Of course, later the same day there was a military coup.
October
From various ventures and good fortunes, I had now made enough money to effectively take the rest of the year off. So I took my first proper holiday since April, and had a long weekend in Phnom Penh with a couple of friends.
This was followed by celebrating my 28th birthday in freak floods.
November
I took the opportunity to petition Tony Blair to stand on his head and juggle ice-cream, before comparing the Thai language to Orwell’s “newspeak”. And continued to neglect this website in favour of actually living. What a shame.
December
I began the final month of 2006 by almost getting myself killed crossing the street, then suffering possibly the worst hangover ever after my friend Ed’s stag night. Oh, and accepted a programming job offer – I start next week.
This is the first piece to appear since then, but in the meantime I had Christmas dinner with a group of frankly great friends, then travelled up-country for Ed’s wedding and a view of Thai country life. I’ll write this up soon and link it here.

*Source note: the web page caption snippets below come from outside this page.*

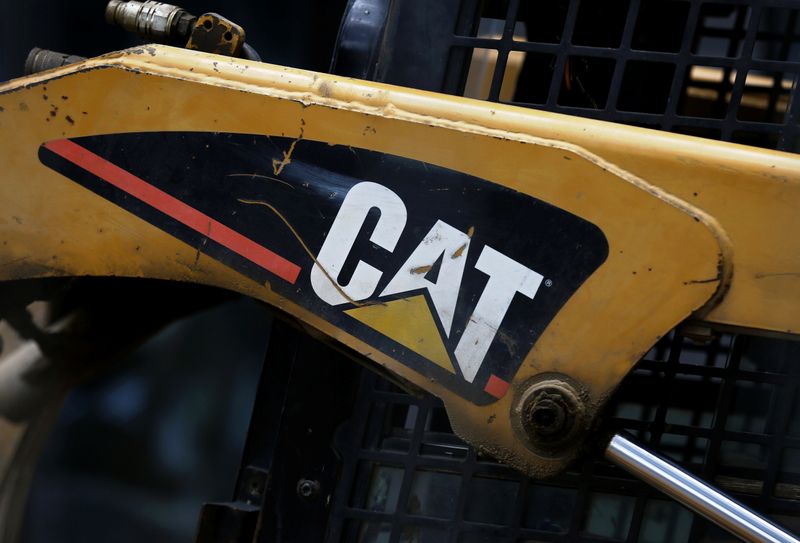 A Caterpillar logo is pictured on the skid-steer loader at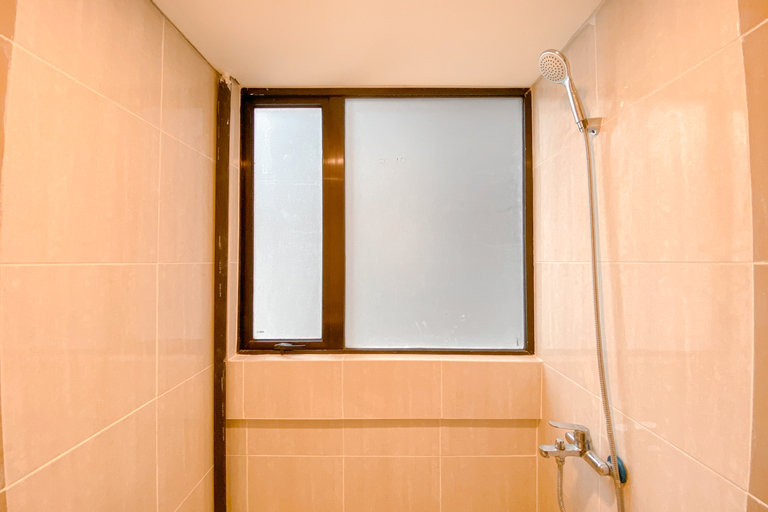 Bedroom 2, Homey and Comfort 2BR at Meikarta Apartment By Travelio, Cikarang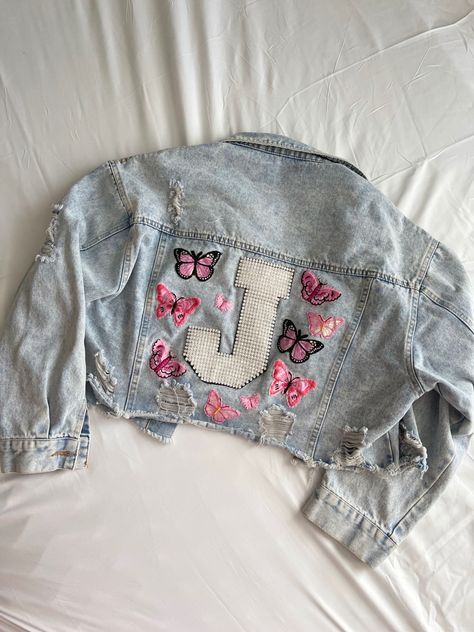 This is a beautiful light denim jacket with a 8” rhinestone J on the back with some pretty pink butterflies. On the front collar are gorgeous pink and blue flowers (size medium) Butterfly Denim Jacket, Butterfly Jean Jacket, Redesigned Clothes, Ash Blonde Hair Balayage, Taylor Swift Costume, Light Denim Jacket, Custom Denim Jacket, Trendy Denim, Custom Denim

New Year’s Eve saw a series of organised explosions hit Bangkok at around 6pm, but I went out for drinks later anyway. I got home to discover that there’d been a second wave of bombs at midnight, thankfully a few merciful miles from where I’d been partying.
Three Thais were killed, and 30-40 people, including Western tourists (to the delight and suddenly-piqued interest of the Western media), were injured. Since I am old enough to remember the provisional IRA, who didn’t fanny about when it came to blowing things (and people) up, I am not particularly impressed by the cheap pyrotechnics we saw here – as I wasn’t by the similarly amateurish efforts we saw in London last year.